A positive customer service experience can make or break a business. Customers expect their concerns to be addressed quickly, efficiently, and professionally. Sentiment analysis can assist companies in streamlining and improving their customer service experience.
How customers feel about a brand can impact sales, churn rates, and how likely they are to recommend this brand to others.
In summary, sentiment analysis lets you understand how customers feel about that product, event, brand etc.
It is not just enough to run a count-based analysis. That's just scratching the surface. Consider the two scenarios below.
Mr A tells you Mr B, and Mr C tells him something about you. Intuitively you might want to ask what he said even if you eventually don't ask. You would intend to know if what was said about you was either good or bad.
Datafest Africa held an event recently, and I'm sure some are either in the process of scraping the data or have already done it. They should have at least 1000 tweets. That's a minimum of 1000 feedback. Reporting 1000 people tweeted about the tweet doesn't aid much with process improvements. It doesn't say much about what they did right. Those tweets could either be positive or negative. If I were on the team, I would want to know people's perceptions, not just the number-based metrics.
For instance, the team wants to hold the next event in another location. You can back up your choice of location with data to the group by saying we had lots of positive feedback from this location based on tweets made in that location during the previous event. I'm not sure of the level of data you can scrape from Twitter, but I'm assuming the tweeter's location would be one.
With sentiment analysis, you can take your insights a level higher.
The question remains, I don't know python, so how can I do this?
The good news is you don't have to worry about any piece of code.
Excel have an Add-in that lets us do you do this. Let's go into Excel to do this.
Go to the insert tab.
Select Get Add-ins
Search for Azure Machine Learning and add the add-in
Once added, you will have a pop-up section on the right side of your Excel.
Select Text Sentiment Analysis. The image below comes up.
The input range is the column containing the feedback/comments, while the output is where you want the analysis result. You get two results (two new columns)

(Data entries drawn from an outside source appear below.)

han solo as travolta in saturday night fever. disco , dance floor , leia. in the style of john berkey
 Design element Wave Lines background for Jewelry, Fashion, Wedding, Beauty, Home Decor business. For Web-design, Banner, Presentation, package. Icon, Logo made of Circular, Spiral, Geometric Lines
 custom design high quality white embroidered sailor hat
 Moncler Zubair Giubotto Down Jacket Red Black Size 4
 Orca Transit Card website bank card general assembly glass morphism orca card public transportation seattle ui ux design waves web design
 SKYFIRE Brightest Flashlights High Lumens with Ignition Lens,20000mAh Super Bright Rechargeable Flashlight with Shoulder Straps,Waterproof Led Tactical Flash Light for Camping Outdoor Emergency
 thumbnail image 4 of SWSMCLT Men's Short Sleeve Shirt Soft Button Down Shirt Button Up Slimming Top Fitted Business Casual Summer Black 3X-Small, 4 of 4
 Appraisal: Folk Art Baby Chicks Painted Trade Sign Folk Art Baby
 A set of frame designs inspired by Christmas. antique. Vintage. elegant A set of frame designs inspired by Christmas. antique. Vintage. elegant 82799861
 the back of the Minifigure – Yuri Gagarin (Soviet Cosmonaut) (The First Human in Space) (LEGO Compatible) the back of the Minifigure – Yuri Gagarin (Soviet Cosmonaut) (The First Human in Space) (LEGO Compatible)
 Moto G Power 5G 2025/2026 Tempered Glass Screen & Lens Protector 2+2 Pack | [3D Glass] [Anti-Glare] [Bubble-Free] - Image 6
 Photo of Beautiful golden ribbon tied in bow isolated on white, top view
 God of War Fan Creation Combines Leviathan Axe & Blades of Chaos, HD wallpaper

Sentiment — This could either be positive, negative or neutral
Score — Ranges from 0–1. The more positive a comment, the number tends towards and vice versa.
Let's do a quick demo in excel.
Note that no model is 100% accurate. If a model is 100% accurate, there has been data leakage. For example, classification models aim to minimize false positives and negatives as much as possible and not eradicate them.
I changed the comments, and we have a more accurate sentiment.
I want you to take your analysis a step higher and not just leave it at count-based metrics.